Unlike many mainstream filmmakers who have dabbled in erotica over the last few decades (e.g. Bertolucci, Cronenberg, Kaufman, and Verhoeven) or recent art-house films that contained explicit sexuality (e.g. Baise Moi, The Idiots, The Piano Teacher, Pola X), Brass’ films are genuinely erotic and void of any kind of existential dread, violence, or moralistic endings wherein characters have to be punished for their allotted two-hours of cinematic carnality. Brass leans more toward Henry Miller than de Sade. Granted, working in Italy in the seventies and eighties allowed for greater creative freedom for Brass. But his films were nevertheless brutally shorn of their “nasty” bits when exported to other countries and frequently banned in Italy also. It seems that many people believe that erotica is only okay if it’s not erotic at all.
Based upon a novel by Japanese writer, Junichiro Tanizaki, and set in Venice during Mussolini’s fascist reign, the film centers on the relationship between an older man, Nino (played by Frank Finlay), and his much younger wife, Teresa (played by the stunning Stefania Sandrelli). Nino can’t help but notice that his wife is sexually attracted to their daughter’s fiancée (played by Brass regular Franco Branciaroli). What shocks Nino isn’t the fact that he’s jealous, but that he likes being jealous. Nino’s jealously quickly becomes the catalyst for an elaborate sex game between he and Teresa, but at what cost?

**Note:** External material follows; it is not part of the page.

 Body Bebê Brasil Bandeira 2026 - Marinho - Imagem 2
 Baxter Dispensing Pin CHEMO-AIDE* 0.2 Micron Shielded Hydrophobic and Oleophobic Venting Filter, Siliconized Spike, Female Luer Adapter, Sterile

The Key is a rich film in many ways. From its elegantly low-budget period set-design to its whimsical Ennio Morricone score, it has obviously been put together with care and attention. But its greatness stems from its skillfully realized portrait of the sexual life keeping Nino and Teresa’s marriage alive. Brass’ characters are complicated, occasionally messy, and charged with enough lust to sap even the strongest of relationships, and Brass allows his characters room to explore, make mistakes, and ultimately celebrate the intricacies of their intimacy. A classic of erotic film indeed.